Below is some data. Retype exactly the lines starting at the one with "Kyra Bikini Top | Black" and ending at the one with "Cuboid+ stekkerdoos USB-C".

- Source data
____________
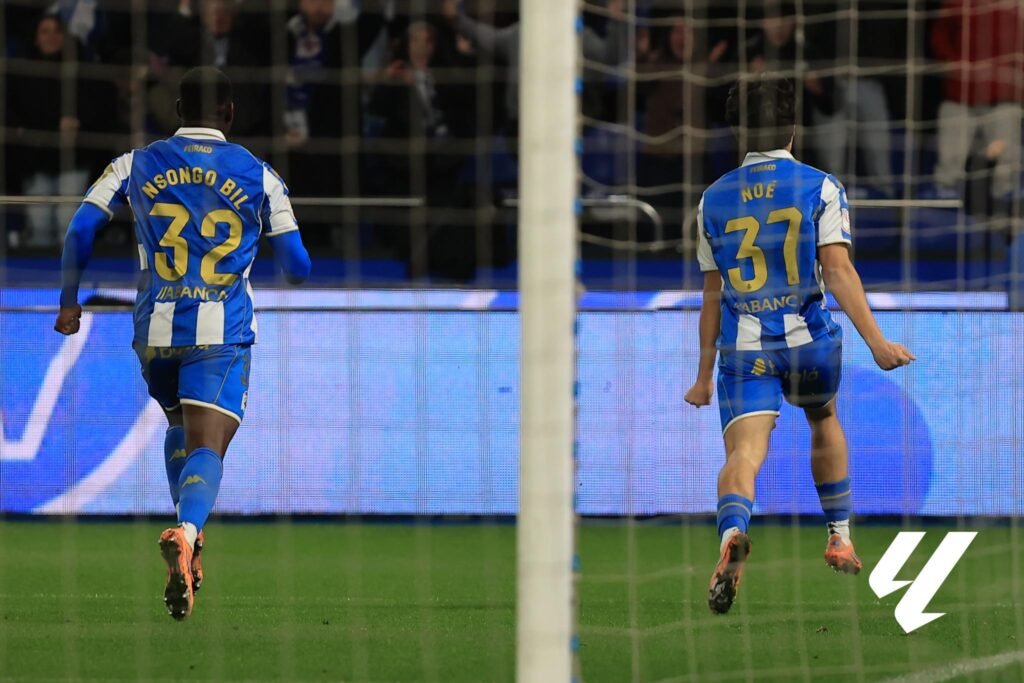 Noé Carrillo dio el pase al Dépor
____________
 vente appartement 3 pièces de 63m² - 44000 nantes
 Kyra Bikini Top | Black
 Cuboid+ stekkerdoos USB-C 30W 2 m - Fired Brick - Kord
____________
- Written response
 Kyra Bikini Top | Black
 Cuboid+ stekkerdoos USB-C 30W 2 m - Fired Brick - Kord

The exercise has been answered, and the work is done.